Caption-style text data
+---+
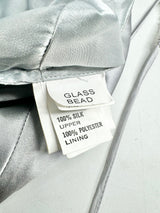 Eileen Kirby Grey Silk Cocktail Dress - AU10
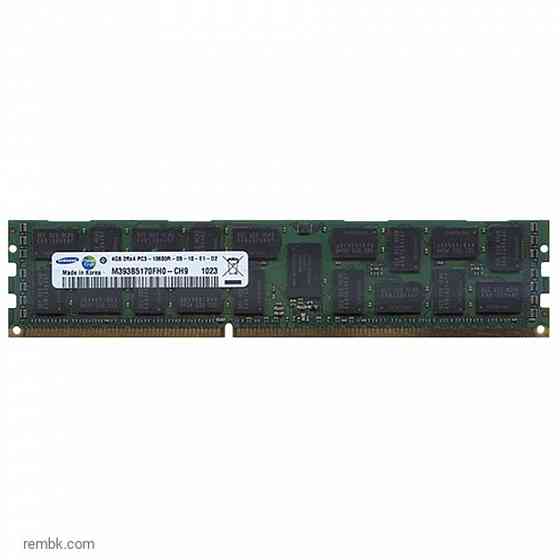 Оперативная память dimm ddr3 samsung 4гб 1333мгц (m393b5170fh0-ch9) ecc б/у в макеевке днр | Гарантия Макеевка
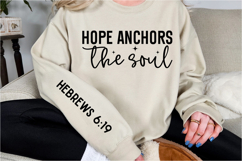 Hope anchors the soul Sleeve SVG Design Product Image 3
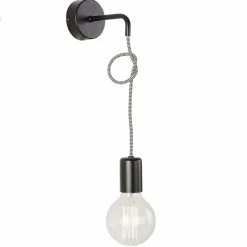 Nowodvorski Moderne Wandleuchte Simple in Schwarz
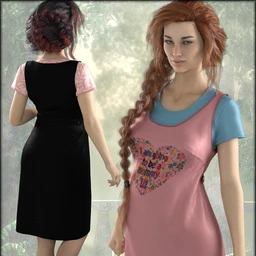 dForce Maternity Dress Textures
+---+
# Exercise brief
Word for word, restate all of the entries above and leave each picture out.

# Written answer
 Eileen Kirby Grey Silk Cocktail Dress - AU10
 Оперативная память dimm ddr3 samsung 4гб 1333мгц (m393b5170fh0-ch9) ecc б/у в макеевке днр | Гарантия Макеевка
 Hope anchors the soul Sleeve SVG Design Product Image 3
 Nowodvorski Moderne Wandleuchte Simple in Schwarz
 dForce Maternity Dress Textures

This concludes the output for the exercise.